Martial Musing : The Courage & Wisdom Not To Fight
For years have taught my students at the public park in a predominantly blue collar town with its fair share of trouble seekers. That evening as I was working with a group of my brown belts, a drunk man walked through the class. He then went on the be less than respectful, and challenging my right to be in the park.
Two of my senior students got ready to jump in, I noticed deep anger on their faces as their neck muscles tightening. I signalled them to stay put. The drunk then wanted me to apologize for being in his way, and I took a deep breath. At first felt a little anger creep in, then I took a step towards him. Held my hand out and said “am sorry for having caused you trouble, be well my friend. I am now going to go continue my training.”
I stepped right past him firmly and respectfully, showing him am not afraid as I started teaching again. He looked at me in sheer silence for what seemed a minute and then walked away. I could still sense the anger on my most senior students face, who is respectful and feels very protective of me. “Sensei, we could have taught him a lesson. Why did you let him walk away disrespecting you like this?”
“You remember the parking lot incident? The 5’4 guy who was rude and came in to fight over a little parking spot. And he ignored the fact that his 6 year old daughter was watching , and she was terrified out of her wits? Well I walked away from that fight too. Even though I had already run more than a few scenarios in my head of how the fight would end – quickly.” They all nodded remembering another incident not to long ago.
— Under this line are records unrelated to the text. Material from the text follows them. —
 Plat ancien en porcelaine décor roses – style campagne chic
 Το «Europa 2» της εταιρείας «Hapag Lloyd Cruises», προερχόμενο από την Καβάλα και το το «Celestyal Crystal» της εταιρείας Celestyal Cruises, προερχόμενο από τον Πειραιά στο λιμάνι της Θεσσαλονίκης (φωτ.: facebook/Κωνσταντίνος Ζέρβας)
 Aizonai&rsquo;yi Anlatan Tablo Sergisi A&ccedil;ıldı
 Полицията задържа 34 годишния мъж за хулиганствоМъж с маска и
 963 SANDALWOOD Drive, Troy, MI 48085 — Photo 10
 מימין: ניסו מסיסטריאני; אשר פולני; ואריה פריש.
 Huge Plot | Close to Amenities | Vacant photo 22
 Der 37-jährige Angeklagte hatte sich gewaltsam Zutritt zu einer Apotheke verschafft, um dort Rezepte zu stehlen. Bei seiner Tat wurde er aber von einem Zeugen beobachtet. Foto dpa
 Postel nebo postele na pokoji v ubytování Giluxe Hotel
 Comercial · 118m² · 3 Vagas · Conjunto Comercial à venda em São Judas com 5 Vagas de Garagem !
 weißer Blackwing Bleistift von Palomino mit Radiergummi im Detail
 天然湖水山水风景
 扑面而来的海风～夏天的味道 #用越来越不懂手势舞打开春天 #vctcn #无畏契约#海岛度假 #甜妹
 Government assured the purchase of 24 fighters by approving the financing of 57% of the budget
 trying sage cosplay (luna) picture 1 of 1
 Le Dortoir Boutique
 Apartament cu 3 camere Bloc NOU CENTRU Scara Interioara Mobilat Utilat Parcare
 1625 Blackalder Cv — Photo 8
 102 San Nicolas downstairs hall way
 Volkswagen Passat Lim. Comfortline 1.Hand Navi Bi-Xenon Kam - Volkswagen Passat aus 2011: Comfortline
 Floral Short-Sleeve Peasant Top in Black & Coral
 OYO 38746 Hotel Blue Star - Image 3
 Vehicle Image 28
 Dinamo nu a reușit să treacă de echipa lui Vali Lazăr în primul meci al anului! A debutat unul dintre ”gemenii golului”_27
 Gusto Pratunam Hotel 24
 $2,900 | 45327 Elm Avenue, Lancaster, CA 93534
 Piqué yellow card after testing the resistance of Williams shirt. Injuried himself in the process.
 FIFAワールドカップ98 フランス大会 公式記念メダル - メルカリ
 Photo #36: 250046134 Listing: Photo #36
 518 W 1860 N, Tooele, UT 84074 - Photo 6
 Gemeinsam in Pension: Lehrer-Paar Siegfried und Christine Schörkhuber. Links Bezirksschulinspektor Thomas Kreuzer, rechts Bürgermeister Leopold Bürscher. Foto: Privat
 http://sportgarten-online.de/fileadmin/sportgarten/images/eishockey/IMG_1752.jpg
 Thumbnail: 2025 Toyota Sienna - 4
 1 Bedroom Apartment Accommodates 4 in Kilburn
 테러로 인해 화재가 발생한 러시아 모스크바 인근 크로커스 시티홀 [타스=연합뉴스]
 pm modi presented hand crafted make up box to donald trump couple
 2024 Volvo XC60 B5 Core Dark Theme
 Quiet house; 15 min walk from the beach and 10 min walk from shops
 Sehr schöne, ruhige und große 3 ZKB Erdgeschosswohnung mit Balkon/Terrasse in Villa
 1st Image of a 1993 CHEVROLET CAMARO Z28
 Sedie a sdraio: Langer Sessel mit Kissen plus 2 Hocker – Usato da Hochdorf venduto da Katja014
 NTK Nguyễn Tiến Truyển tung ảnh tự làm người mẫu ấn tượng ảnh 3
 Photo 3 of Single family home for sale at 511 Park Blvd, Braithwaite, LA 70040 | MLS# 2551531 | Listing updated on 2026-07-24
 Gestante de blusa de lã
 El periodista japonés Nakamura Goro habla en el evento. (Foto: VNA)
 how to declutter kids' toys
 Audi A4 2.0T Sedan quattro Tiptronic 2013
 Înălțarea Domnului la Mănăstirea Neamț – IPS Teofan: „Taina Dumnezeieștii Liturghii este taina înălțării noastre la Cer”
So I continued ” whats common between those two scenarios?”
“You did not fight Sensei, and let those disrespectful guys get away without teaching them a lesson.” said F.
“Well, the purpose of a fight is to win. And in both cases I won, because I kept my freedom of choice and right to be a freeman. Besides what would the two fights have achieved? What would anyone have gained? A parking spot? Respect from a drunk guy? What after that…. how would I justify the use of “trained force” .. and what would the impact of that action be on my loved ones, and their loved ones.. esp the 6 year old.”
The students now looked relaxed and surprised. And deep inside I was happy that in someways was able to demonstrate a key lesson on the warrior path. Sometimes walking away in peace, is perhaps the greatest victory. It may seem cowardly, but IMO it takes great presence of mind and courage to walk away from a meaningless confrontation.
Another student who does like to fight a bit asked “so when is it ok to fight?” And without missing a beat I answered “if I had my way Never. The only time I would be compelled to fight would be to protect a life or to stop an assualt. Thats my take, and you need to find yours. Though I want you to remember that there are serious consequences of actions. Not thinking of consequences leads to disaster all around. So the highest form of fighting is fighting your own inner urges to prove a point. That is the ultimate goal – to be in peace no matter what is happening around. And should it come down to drawing the sword, then make it quick and effective.”
As conclusion I will summarize with
1. Walk away from every fight as much as you can, this requires a lot more courage than you think.
2. Apology does not make you smaller or wrong. You dont need to prove anything. Sometimes giving the other person a way to save face is all thats needed.
3. If it does come down to an alteration then apply only “justifiable force” and think “systemic consequences.” War tactics are not needed for a simple argument and a simple hold will not suffice in a urban war scenario. Work those option out in your mind over and over again (more on this process in another post). This is the beginning of wisdom on the martial path.
4. All the years of training in the end is for learning to be at peace with violence and move towards harmony
This to me the courage and wisdom to NOT FIGHT.